Writing in March about my meeting with the Realtor's Association of Northeast Wisconsin, I couldn't quite figure out their angle. I think I finally did.
During my meeting with them, the theme was Affordable/Workforce Housing: what did I think about Affordable/Workforce Housing, what would I do as Alderman to ensure Affordable/Workforce Housing?
I had the feeling during that meeting that lots of cards were being held close to their vests. They talked a bit about the cost of city infrastructure and fees for city services. What they did not talk about was zoning.
In my recent reading I've been very impressed with the book "The Best-Laid Plans: How Government Planning Harms Your Quality of Life, Your Pocketbook, and Your Future". It sounds like a wild-haired, reactionary tome, doesn't it? Maybe with lots of paranoid, anti-government screeds peppered throughout. That is definitely not the case.
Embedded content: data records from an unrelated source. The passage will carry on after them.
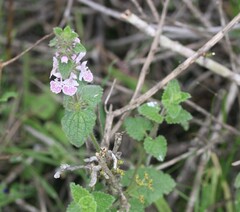 Stachys bolusii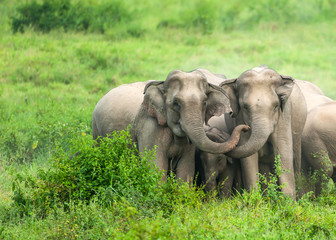 A herd of Asian Elephants are protectively a newborn calf.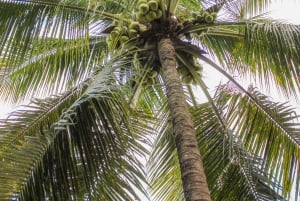 From Ho Chi Minh: Mekong Delta Small Group Day Trip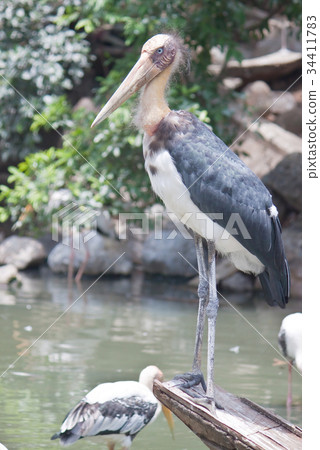painted stork or Mycteria leucocephala 34411783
The author, Randal O'Toole, has done an enormous amount of research into government planning. His book focuses on three areas: forest planning, land use planning, and transportation planning. It was while reading the section on land use planning that I experienced a bit of an epiphany, a revelation.
Realtors certainly want to sell houses; that's where their commissions come from. But they'd also like to sell a house for as much as they can. This helps the seller, of course, get the most for his house, and it boosts the commission for the realtor. This much is easy to understand.
What is interesting about the real estate market is that it is heavily affected by zoning and land use laws.
In addition to "The Best-Laid Plans", Mr. O'Toole was the author of a section of the latest "Cato Handbook for Policymakers". Chapter 22 is his work and it covers Housing Policy. Here's an excerpt:
The key to keeping housing affordable is the presence of large amounts of relatively unregulated vacant land. Historically, city zoning stopped at the city limits. City officials knew that if they imposed too much landuse regulation in the city, developers would go outside the city limits. To prevent this loss of tax revenue, cities kept their regulations flexible. This often led to charges that developers controlled city planning, but because developers would only build what buyers wanted, the truth was that consumers controlled city planning.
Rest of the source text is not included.